And, just like that, we’re on the single-digit countdown to Christmas! It’s still not entirely clear what celebrations will look like this year (tiers, bubbles, households…), but one this is certain. Today’s dram hidden behind Door 16 is a treat indeed. It hails from a distillery that once slightly lesser-known is now often found at a pub or bar near you (when they’re open). But it’s still something of a discovery dram, and it’s got our mouths watering. Behold: Fettercairn 12 Year Old!

Here to share more about the dram and its distillery is Andrew Lennie, Fettercairn’s brand specialist! 

Fettercairn 12 Year Old

Say hello to Andrew Lennie!

Master of Malt: Tell us a little bit about Fettercairn’s history…
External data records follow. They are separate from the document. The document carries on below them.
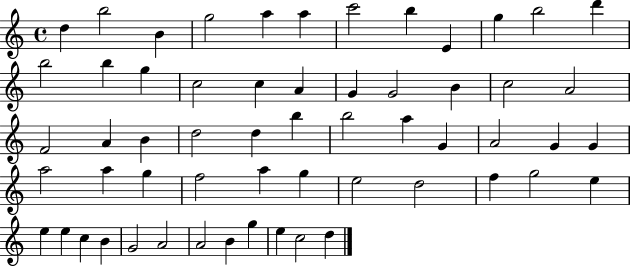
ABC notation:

X:1
T:Untitled
M:4/4
L:1/4
K:C
d b2 B g2 a a c'2 b E g b2 d' b2 b g c2 c A G G2 B c2 A2 F2 A B d2 d b b2 a G A2 G G a2 a g f2 a g e2 d2 f g2 e e e c B G2 A2 A2 B g e c2 d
Andrew Lennie: Fettercairn is a beautiful distillery on the east coast of the Scottish Highlands. The name literally translates as ‘Foot of the Mountain’, which will give you an indication as to where our distillery is in relation to the Cairngorm mountain range, which provides a stunning backdrop. The distillery is truly picturesque: whitewashed walls, an iconic pagoda roof, and the rolling Grampian Hills in the background. If you asked anyone to paint or imagine a typical Highland distillery, I’m sure it wouldn’t look too dissimilar to Fettercairn.
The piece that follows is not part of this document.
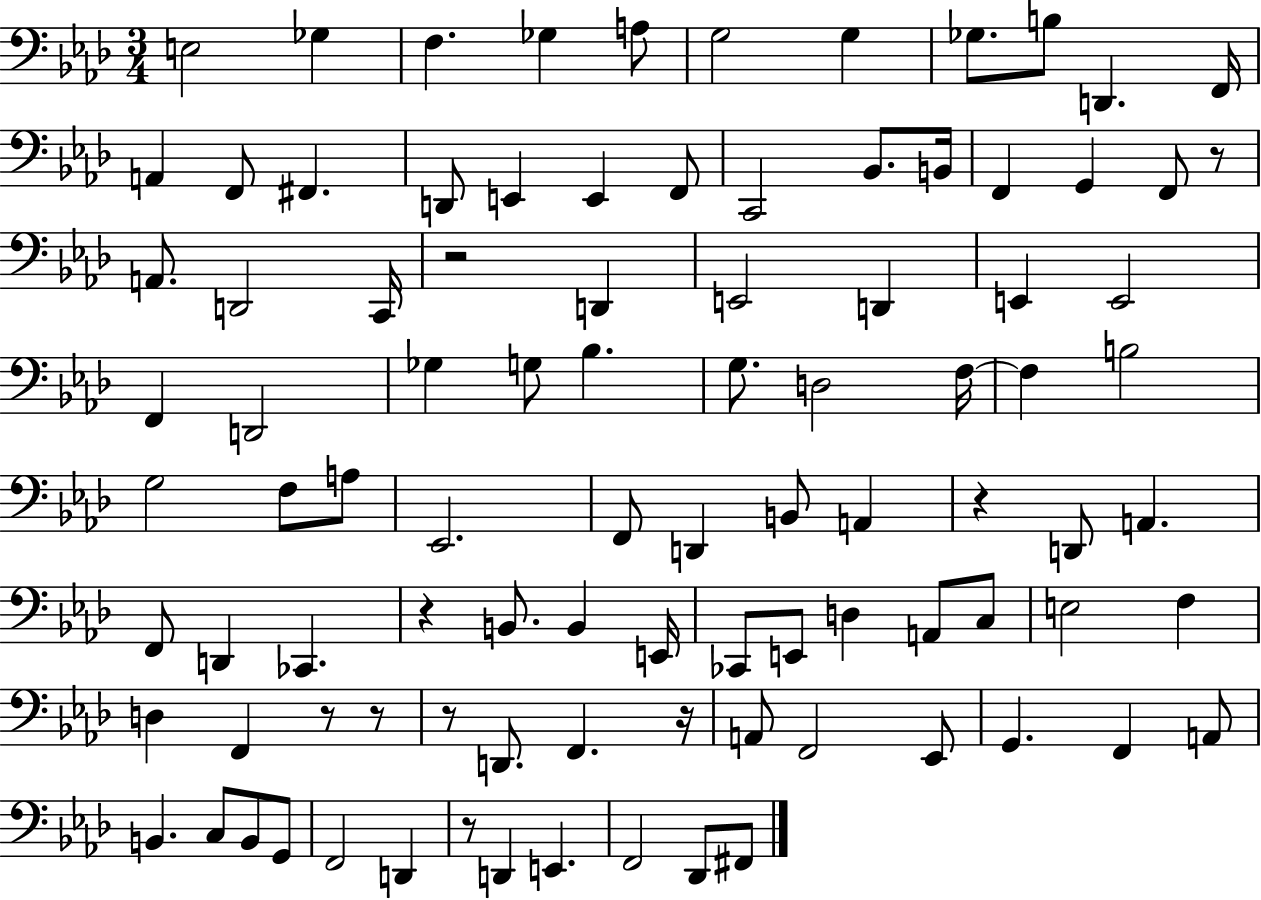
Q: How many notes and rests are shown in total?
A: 95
North of the distillery is an old drovers route known as the Carin O Mount where, historically, farmers would march their cattle down into the market towns of the south. They were a thirsty bunch as you could imagine, and this area became infamous with illicit distilling. Fettercairn was the second legally registered distillery in Scotland. Founded in 1824 by Sir Alexander Ramsay who converted Nethermill cornmill into the distillery. Ramsay also brought with him the iconic unicorn, Scotland’s national animal, which was part of his family crest and now proudly adorns each bottle of our single malt whisky. Sir Alexander Ramsay capitalised on the popularity of illicit distilling in the area and employed a well-known illicit distiller named James Stewart to be the first whisky maker at Fettercairn.
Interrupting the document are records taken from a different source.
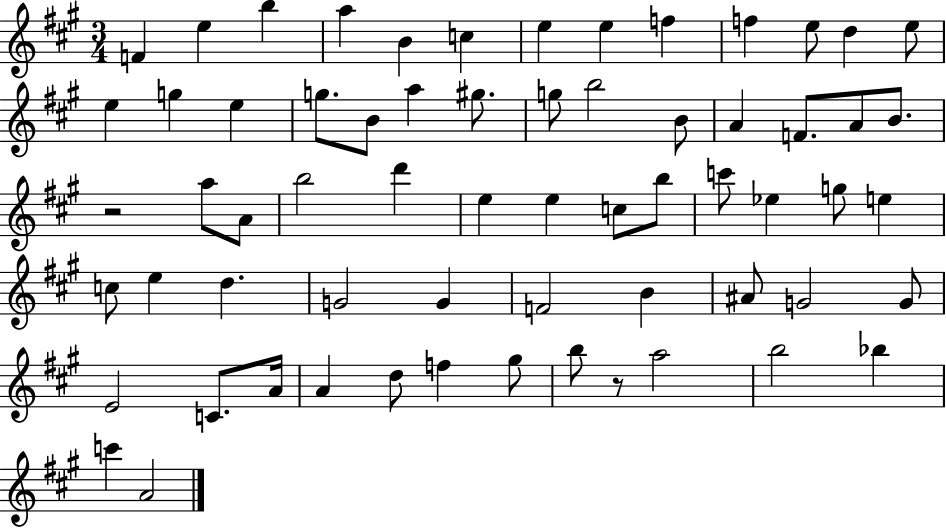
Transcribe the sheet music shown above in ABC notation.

X:1
T:Untitled
M:3/4
L:1/4
K:A
F e b a B c e e f f e/2 d e/2 e g e g/2 B/2 a ^g/2 g/2 b2 B/2 A F/2 A/2 B/2 z2 a/2 A/2 b2 d' e e c/2 b/2 c'/2 _e g/2 e c/2 e d G2 G F2 B ^A/2 G2 G/2 E2 C/2 A/4 A d/2 f ^g/2 b/2 z/2 a2 b2 _b c' A2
MoM: Fettercairn has the most amazing stills! Give us the lowdown on the cooling rings…

AL: The cooling rings were invented in the 1950s by the distillery manager at the time, Alistair Menzies. He fitted a ring of copper around the head of the spirit still which would drench it with cold mountain water during distillation. This was his way of creating a lighter and cleaner version of the spirit. Today we have two spirit stills both fitted with copper cooling rings which are seen nowhere else in the industry. When I show guests around Fettercairn, this is a real focal point. The cold water slowly flowing down the stills and the hot steam rising upwards is quite hypnotic. It has also turned the copper almost black with beautiful hints of teal, cream and gold shining through.

Fettercairn 12 Year Old

Fettercairn is one of Scotland’s most unique distilleries

MoM: Can you describe the signature Fettercairn distillery character?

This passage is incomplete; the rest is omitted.